I have been training astronauts at the European Space Agency (ESA) since 1992, when I was a computer engineer teaching them about information technology. I gradually took on more types of training, and have helped to design prospective human missions to Mars as well as missions to explore lunar caves.
This picture was taken in 2018 on Lanzarote, part of Spain’s volcanic Canary Islands. There’s little vegetation there, so it is a fantastic analogue for the Moon and Mars. We are debriefing here after a lunar simulation in which the astronauts learnt to identify and collect the most interesting rock samples for studying geological history. It was part of a three-week field course that the ESA introduced in 2016 that prepares astronauts for observing geological features.

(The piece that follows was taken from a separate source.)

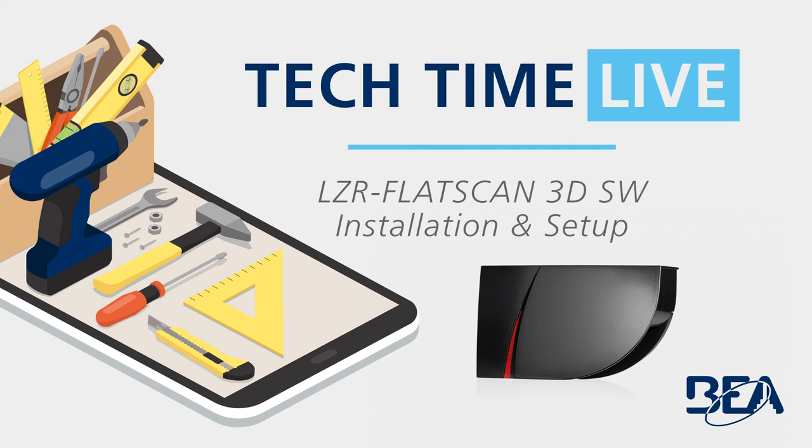Thank you everyone for watching this Tech Time Live. Today we went over the installation and setup of the LZR Flatscan 3DSW sensor. We covered mounting and wiring, launching a teach-in, virtual push buttons, remote settings, and detection fields. For more Tech Time Live videos, visit our YouTube channel at youtube.com/beasensors. Also be sure to visit our website at www.beasensors.com. Thank you for watching and have a great day.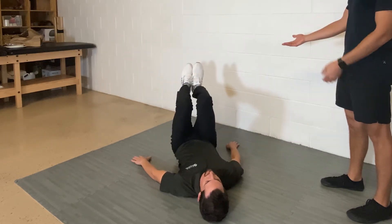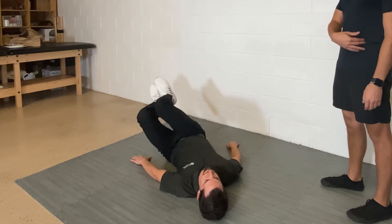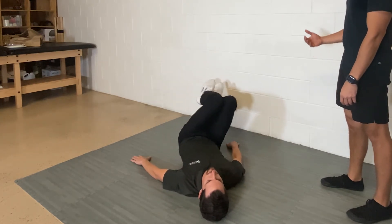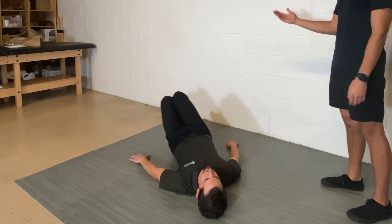Level two, our knees are going to be bent — same thing, knees out and then using the oblique back to center. Level one, feet are going to be down on the ground, hands out, and back to center.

We’ve done training sessions in the fjords of Norway; in the Bletterbach canyon in the Dolomites, in northeast Italy; and at the Nördlinger Ries impact crater site in southwest Germany. At sites such as these, astronauts learn how to select the best possible rock samples to take back to Earth. We have only 300 kilograms of rocks from the Moon, which are still being analysed. It’s like gold to have these rocks for studying the origin of our Solar System.
Since 2011, I’ve also run a programme in which a team of up to six astronauts spends six days and nights isolated in caves on the Italian island of Sardinia, or in Slovenia. The astronauts are by themselves, and sometimes have to squeeze through narrow passages, but I follow them with safety instructors, a doctor and video operators to monitor their welfare. In space, the farther from Earth they go, the more responsible they are for their own safety.
Moon and Mars rocks offer a window into Earth’s first billion years, of which we have only rare, localized records. We need astronauts to make the most of every chance to retrieve a chunk of Earth’s history.
Nature 594, 294 (2021)